Calming the Chaos
Now what? We are experiencing a major sales slump, the contracts we are winning have razor thin margins that we agreed to do just to win the business, customer satisfaction ratings are slipping, our employees feel disconnected and are leaving for other firms; we just can’t seem to catch a break. Instead of progress we are just circling the drain, wearing out the team and wasting time trying to address everything at once.
The scenario described above is one I see often as an executive consultant. Leaders with great intent choose to address every problem with the objective to make it ‘better’. But often they are going off intuition about what ‘better’ means, not really taking time to measure the current state. Just the feeling that anything different has got to be better than what is happening now.

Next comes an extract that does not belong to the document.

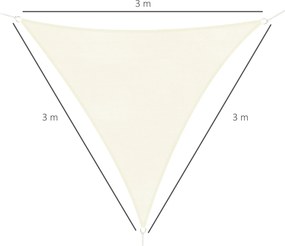 Tenda Vela da Giardino Triangolare in HDPE Bianco Avorio 3x3x3m...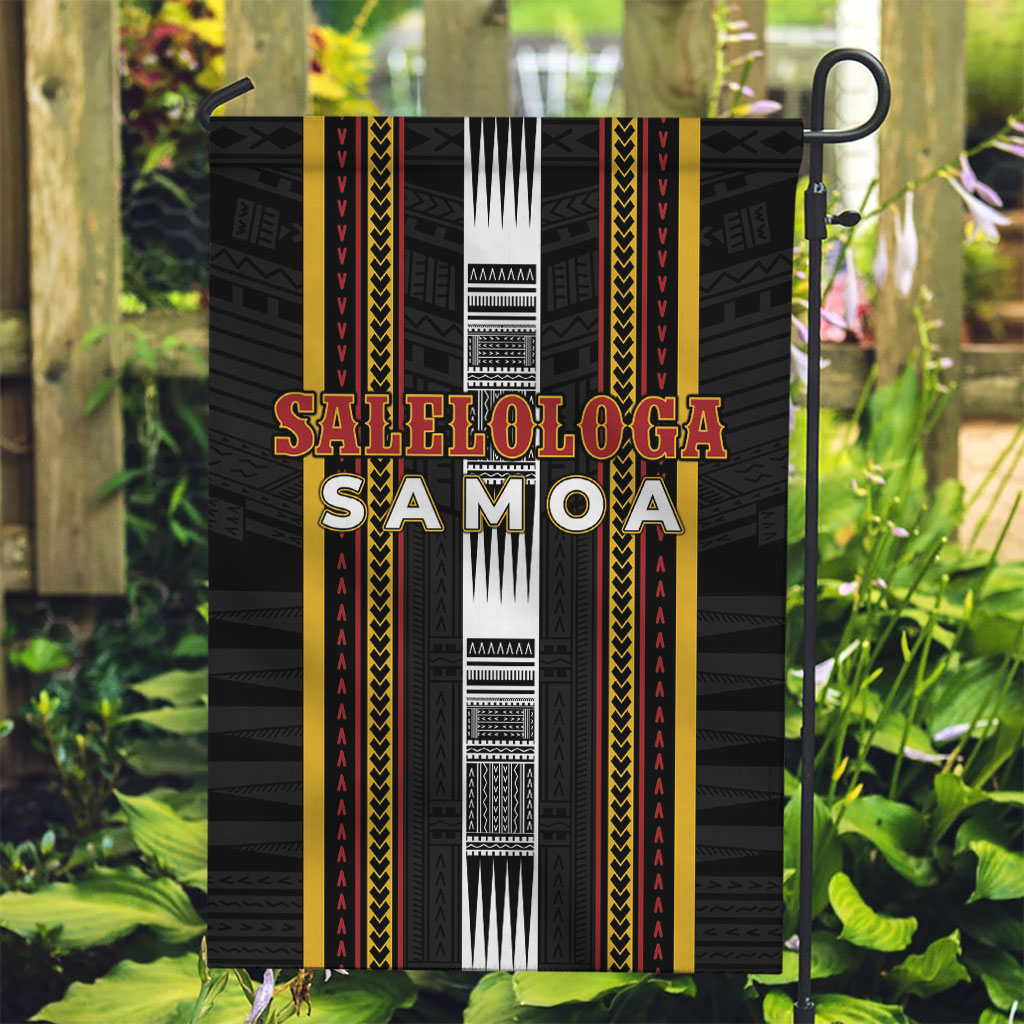 Salelologa Samoa Garden Flag Samoan Tribal Pattern LT05 Garden Flag Black - Polynesian Pride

This approach is translated to teams in a ‘2-minute’ drill sort of way. Just go do something and tell me what you did later. When later comes leadership is perplexed by why nothing is improving.
People are taking action and are busy, so why no advancements? It is because no one knows what the top priority ought to be. There is no directional alignment of efforts. Each person is left to determine that on their own based on what they think is right. But there is a systematic method to assess the health of your business that naturally identifies the bottleneck that is limiting growth, the Business Priority Pyramid.
How the evaluation works:
1. Review five core attributes at each business level (sales, profit, order, impact and legacy) to determine if the need is met or not,
2. Find the unmet need at the lowest level of the BPP,
3. Decide how to meet that need by selecting a fix that is clearly described with an objective statement, measures of success, a means for evaluating the impact on a regular basis and nurturing of the fix through basic change management techniques, and
4. Repeat steps 1-3 for the remaining unmet needs.
With discipline, structure and decisiveness we can find a way to calm the chaos by focusing on what matters most. Do you know what the most critical unmet need is in your business?